--- YOUR GOAL ---
Each line below from the one containing "48-inch Modern Black" through the one containing "Velvet Natural Mariette" is to be given again exactly, and no line outside that span.

--- EXERCISE MATERIALS ---
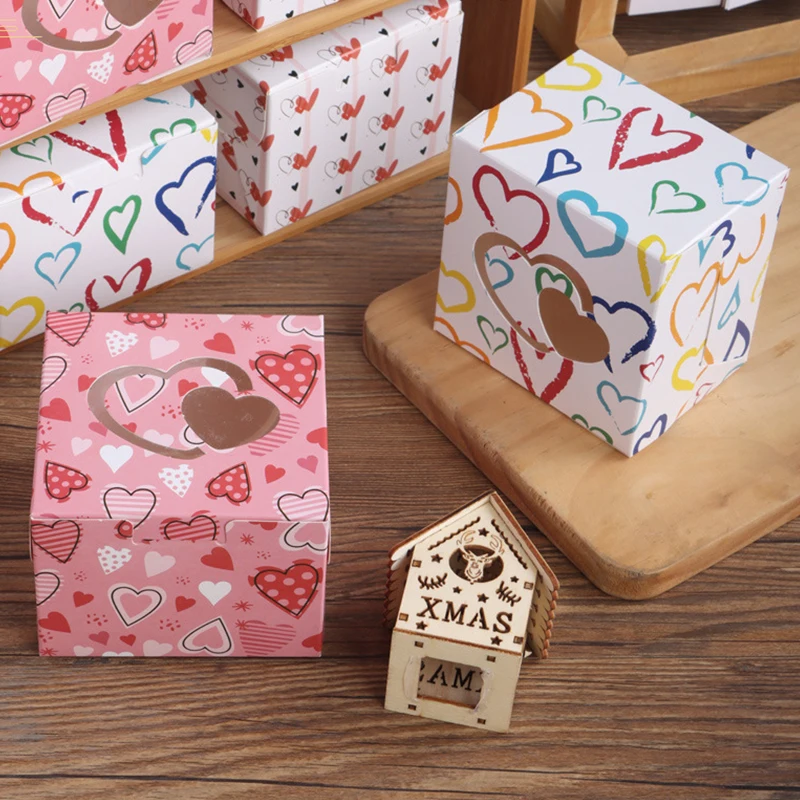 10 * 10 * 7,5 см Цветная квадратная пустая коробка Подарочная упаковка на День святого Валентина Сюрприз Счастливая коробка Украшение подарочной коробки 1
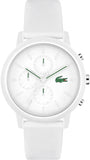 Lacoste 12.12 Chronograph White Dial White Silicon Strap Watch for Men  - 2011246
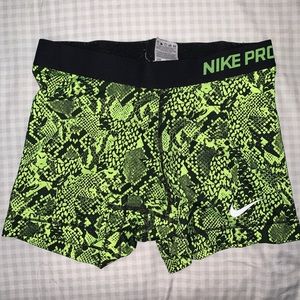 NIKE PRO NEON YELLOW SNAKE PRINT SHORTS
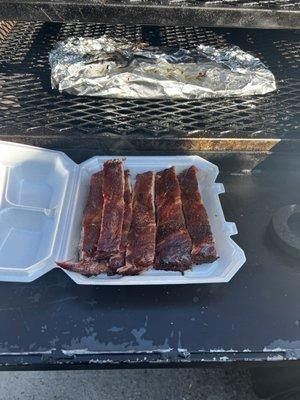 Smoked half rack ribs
* * *
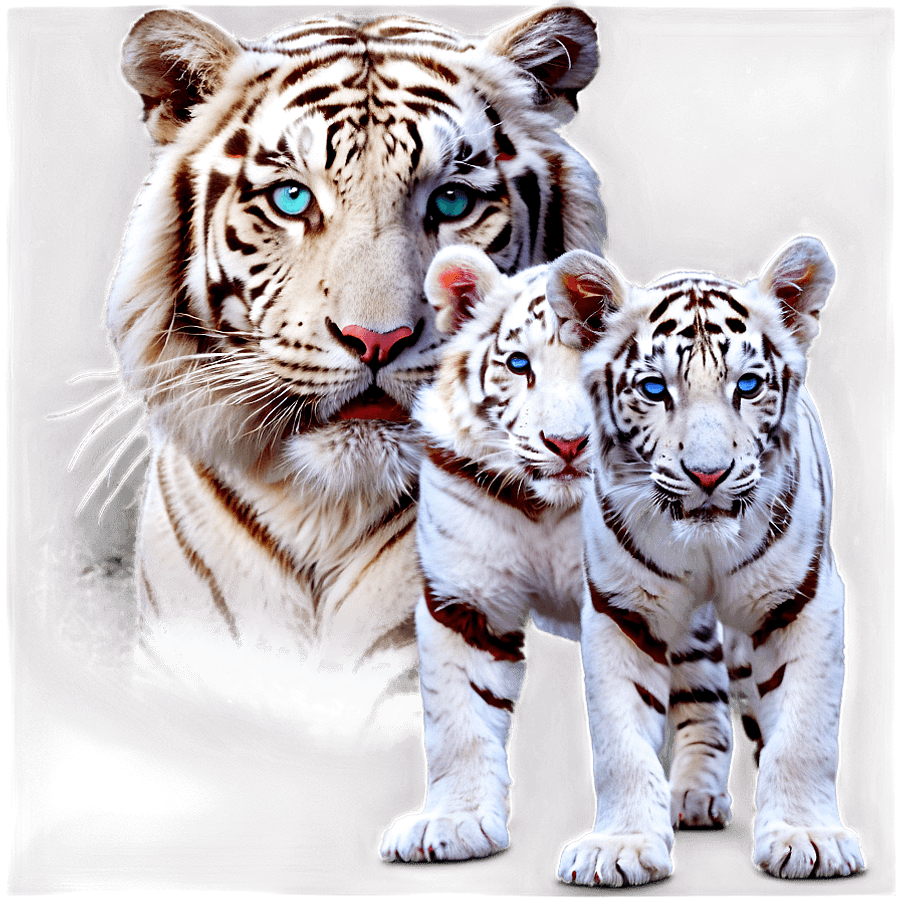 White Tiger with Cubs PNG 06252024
---
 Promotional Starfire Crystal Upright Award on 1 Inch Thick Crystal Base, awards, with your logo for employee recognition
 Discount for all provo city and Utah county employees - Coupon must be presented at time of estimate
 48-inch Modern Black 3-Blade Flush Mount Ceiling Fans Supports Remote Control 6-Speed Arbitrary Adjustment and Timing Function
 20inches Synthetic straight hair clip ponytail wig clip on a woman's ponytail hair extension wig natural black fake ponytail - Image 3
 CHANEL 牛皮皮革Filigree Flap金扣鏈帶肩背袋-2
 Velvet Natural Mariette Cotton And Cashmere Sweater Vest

--- WRITTEN RESPONSE ---
 48-inch Modern Black 3-Blade Flush Mount Ceiling Fans Supports Remote Control 6-Speed Arbitrary Adjustment and Timing Function
 20inches Synthetic straight hair clip ponytail wig clip on a woman's ponytail hair extension wig natural black fake ponytail - Image 3
 CHANEL 牛皮皮革Filigree Flap金扣鏈帶肩背袋-2
 Velvet Natural Mariette Cotton And Cashmere Sweater Vest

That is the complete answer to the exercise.